Several years ago I got into a verbal row about the Most Blessed Trinity. Jehovah’s Witnesses were making a sweep of our neighborhood, and I decided to hear what they had to say. The two who came to our house were husband and wife. As soon as I volunteered that I was Catholic, the wife launched into a rather vigorous attack on the Catholic Church for having the heretical audacity, in her opinion, of “making up” the doctrine of the Trinity. She was eager to show me passages in the Bible that “clearly” rejected what she believed was an absurd — nay, evil! — belief. 

I was certainly familiar with the wife’s hostile approach to Catholicism. As a fundamentalist, I had taken the same scorched-earth approach when dealing with Catholics. So, I knew there were some significant problems with her “Scripture alone”-styled argument.She apparently thought that belief in a Triune God — three divine Persons, one in nature — was created out of thin air, without any substantive basis, for the purposes of misleading the unwashed masses. She was convinced that the motives of Catholic councils, such as the Council of Nicaea in A.D. 325, were both morally and theologically bankrupt. But what was this opinion based on? Historical research? Theological study? 

In order to find the answer, I asked, “Why are you appealing to a Catholic book to attack the Catholic Church?” Whatever did I mean, they asked, by that ? I pointed out how puzzling it was that they ardently renounced a doctrine — the Trinity — defended and defined at the ecumenical Councils of Nicaea and Constantinople (A.D. 381), while appealing to a canon, the New Testament, whose exact contents were not officially defined until after those councils. And when they were defined, it was by Catholic bishops at Catholic councils, and guided by the Holy Spirit. 

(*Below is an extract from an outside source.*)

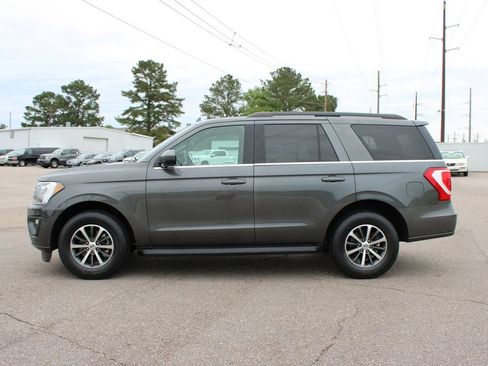 Used 2020 Ford Expedition XLT RWD image 3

The truth about how the doctrine of the Trinity was articulated was both clearer and more complex than the two Jehovah’s Witnesses understood. It was clear, for instance, that the early Christians believed in one God, the God of Abraham, Jacob and Moses. But they also believed that Jesus Christ was God, and they knew very well that Jesus promised the Holy Spirit, as we hear in today’s Gospel: “But when he comes, the Spirit of truth, he will guide you to all truth.” But if the problem was clear, how can three persons be the same God? Grappling with that theological mystery was challenging, fraught with dangers.  

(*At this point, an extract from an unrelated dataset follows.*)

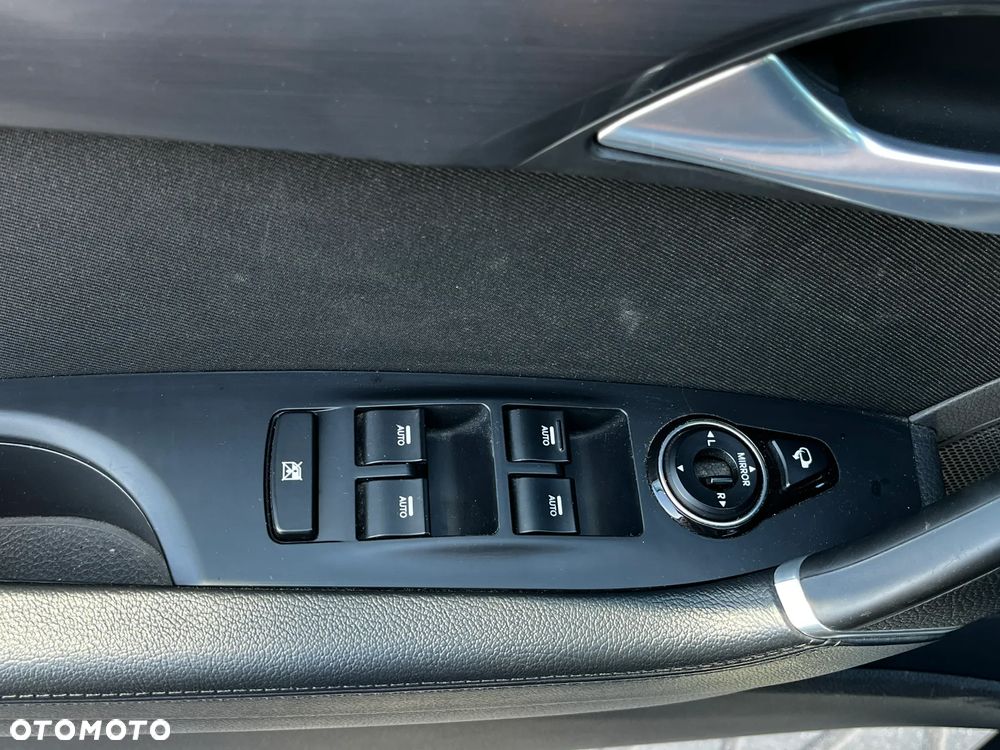 Hyundai i40 1.7 CRDi BlueDrive Comfort DCT - 24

The most famous danger came from Arianism, the belief taught by a priest, Arius, who believed that the Son was a lesser god begotten at some point in time and thus not possessing the same eternal nature as the Father. This is a form of polytheism; it is, in essence, what Jehovah’s Witnesses believe.  

Arianism was strongly condemned at the Council of Nicaea, which taught the equality of the Father, Son and Holy Spirit, declaring that the Son was “Light from Light, true God from true God, begotten, not made, one in being with the Father.” The Athanasian Creed, named after St. Athanasius, the great champion of Nicaea, says, “Now the Catholic faith is this: that we worship the one God in Trinity, and Trinity in Unity, neither confounding the Persons, nor dividing the substance…”  

The Church, then, believes in the Trinity because of divine revelation, found in Scripture and Tradition, and because of the actions of the Holy Spirit, who guides to all truth.